Her zaman olumlu, pozitif, doğru düşünmeli. Düşünme şekillerin tümünü kullanmalı. Doğru ve gerçeklerden uzaklaşmamalı, kaçmamalı. Önce dosdoğru gerçekçi ilmi olgun insan olmalı. Gidip de faşistlerin, komünistlerin putperestlikten alma düşüncelerini okumamalı. “Faşizm ve komünizm pagan, putperestlik inancına dayanır. Bunun için komünistler, faşizmin kurucuları olanların kitaplarını da okurlar.” Ülkemizdeki materyalist solcularda aynıdır. Faşizmin ve komünizmin fikir babalarının eserlerini okumaktadırlar. Bir Charles Darvin, Nietche ( Niçe) hem faşizmin hem de faşizmin fikir babasıdır. Bunlar ilkel düşüncelerle sapık düşüncelidirler. Faşizmdeki gamalı haç, Hıristiyanlıktan değil, pagan inanışından gelme semboldür. Bunlar insanlığın en baş belası, en sapık zorba serserileridir. Bunlar kadar katliam yapıp, kan döken başka bir millet, ulus, kavimde insanlık tarihinde olmamıştır. Kapitalizmde Karun’dan çok serveti haram ve haksız yere kazandırmaktadır.

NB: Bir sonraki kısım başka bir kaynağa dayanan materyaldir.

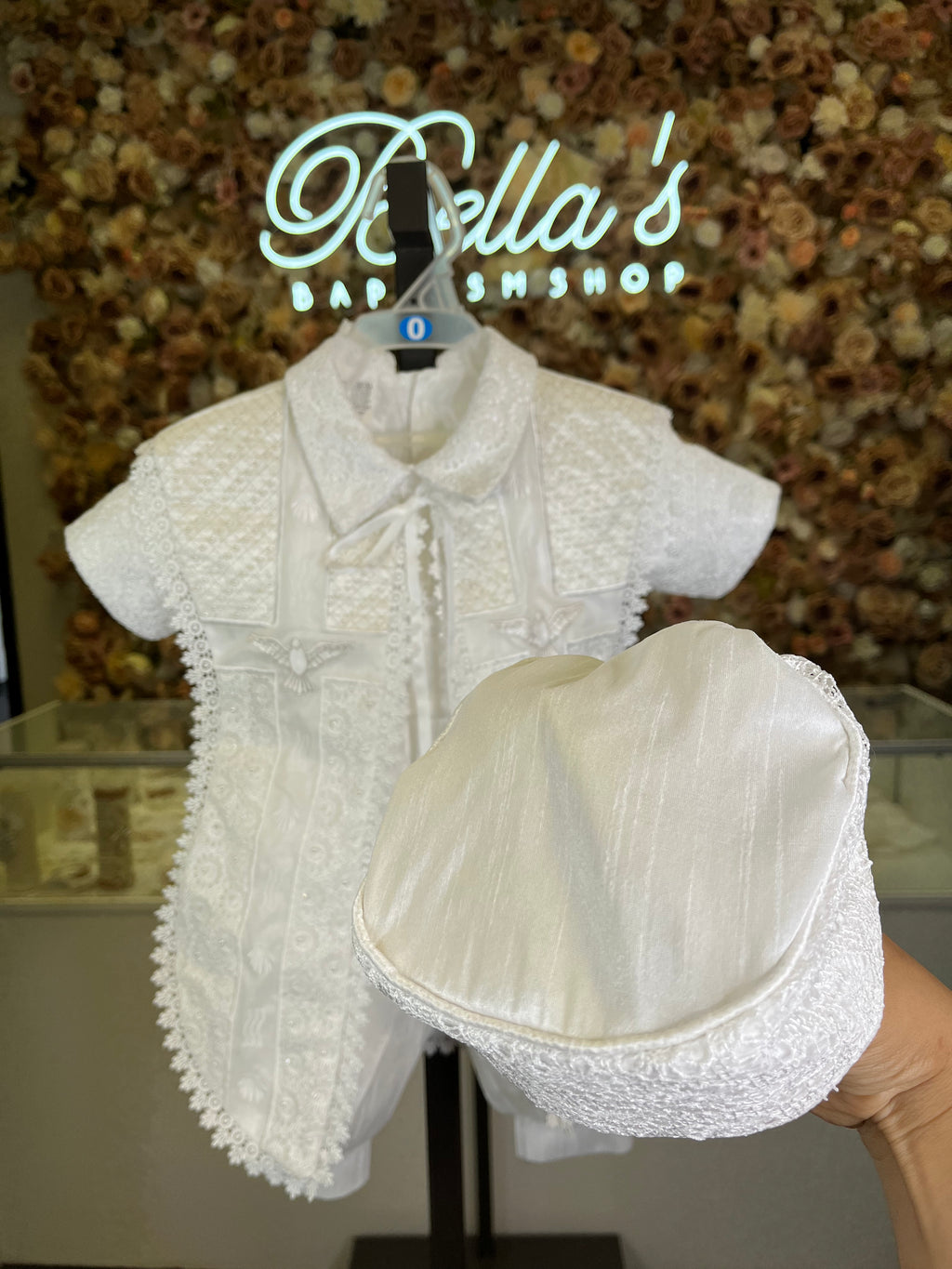 Emilio Boy Baptism outfit in White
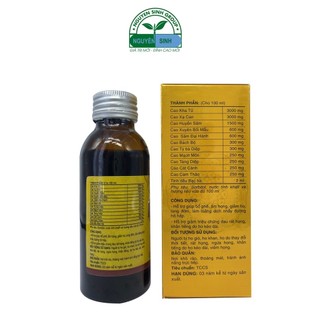 Siro ho cho bé Hoàng Bảo Đan 100ml
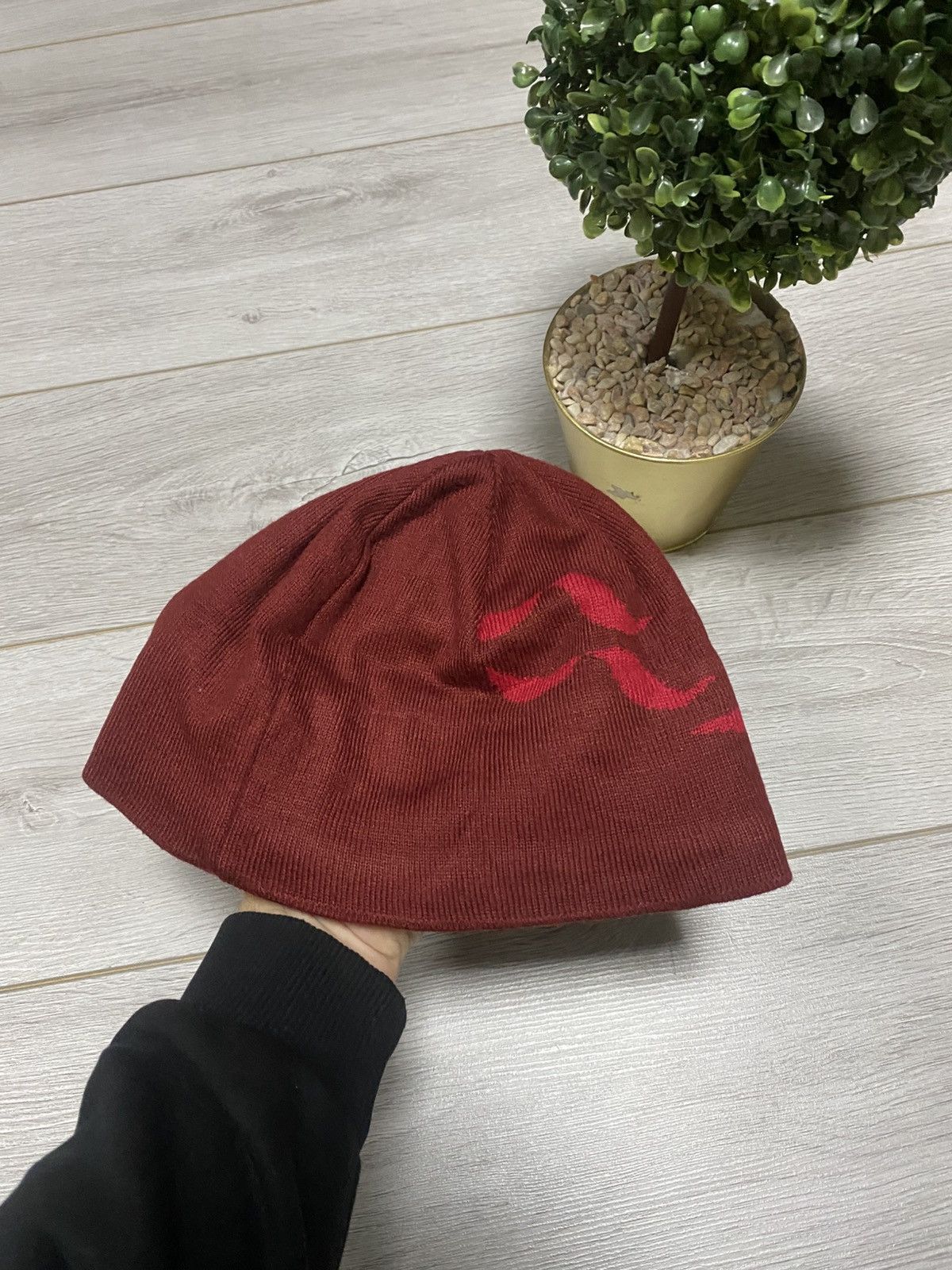 Rab Rab logo beanie hat vintage big logo Size ONE SIZE - 2 Thumbnail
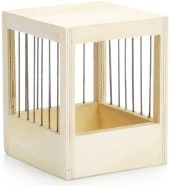 Actual product image Fauna Wooden Nesting Box With Grid F. K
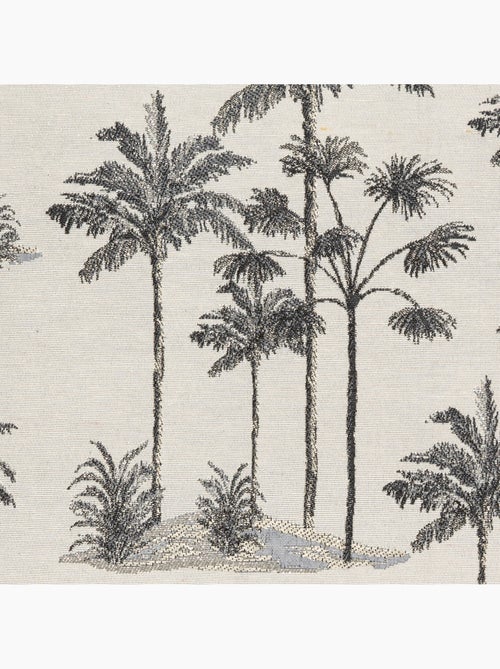 Copricuscino palm bianco e nero 40x40cm - Kiabi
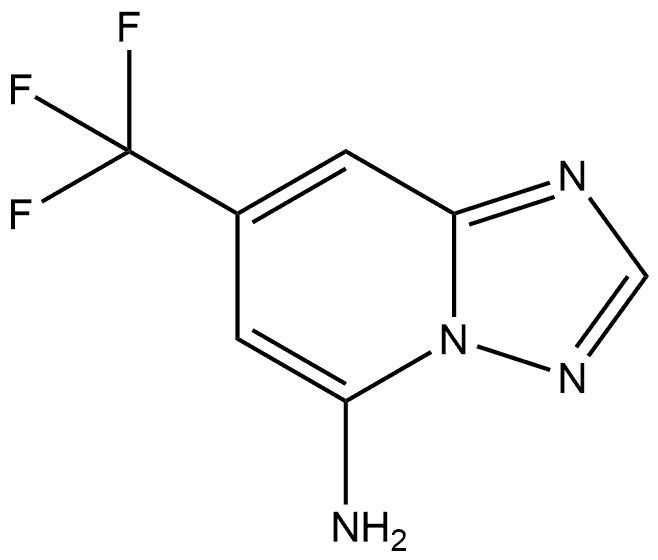 7-(Trifluoromethyl)-[1,2,4]triazolo[1,5-a]pyridin-5-amine Structure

Hiçbir doktrin, ideoloji hak, hakkaniyet, dosdoğru, gerçekçi değildir. İslamcı- İslamcılık da bir ideolojidir. “Buda Hak din İslam, İslamiyet değildir.” Ben İslamcıyım, demek; Müslümanım demek, müminim, İslam dinindenim, demek değildir. İslamcılığın geçmişi Osmanlı’da, günümüzden 100 yıl önce başlamıştır. “ Elhamdülillah Hakk’a mümin ve Müslümanım,” de ve İslam dinini peygamberimiz gibi yaşa, o kadar! Her işte hak, hukuk gözetmeli. Her işi, görevi dosdoğru, dürüst, ölçülü, dengeli, hassas ve özen göstererek yapmalı. Herkesin hakkına, hukukuna saygılı olmalı. Zalim olmamalı. İnsancıl olmalı. Herkese iyilik yapmalı. Kariyer edinmeli. İlmin zirvesinde, sanatın doruğuna ulaşmalı. Aksilik ve başarısızlık içinde olmamak için önlemleri önceden almalı. Yapıcı bilimsel fikirler üretmeli. AR-GE ve İnovasyon yapmalı. Hiçbir işi plansız projesiz rastgele yapmamalı. Her zaman yenilikçi, değişimci, yapıcı, yapılandırıcı, Hakk’a ibadeti tam doğru yapan, iyilik yapan, her işte ihlaslı, samimi olan olmalı. Aklını iyi, doğru kullanan, iyi, doğru düşünen insanlar iki dünyada huzurlu, mutlu olurlar. Aksisi de iki dünyada huzursuz, mutsuz olmadır. Dünyada ve ahirette her şey doğrusu ve tersi ile gerçeği ve zıddı ile hakkı ve karşıtı ile vardır. Her şey bu şekilde yaratılmıştır. Akıllı, zeki insanlar doğruyu; aklı, zekâyı doğru kullanamayanlar, yanlışı yaparlar! Doğru, gerçek, güzel, iyi, yararlının zıddını, tersini, karşıtını asla yapmayalım. İki dünyamızı berbat, haşat, perişan, fecaat, tuğyan yapmayalım.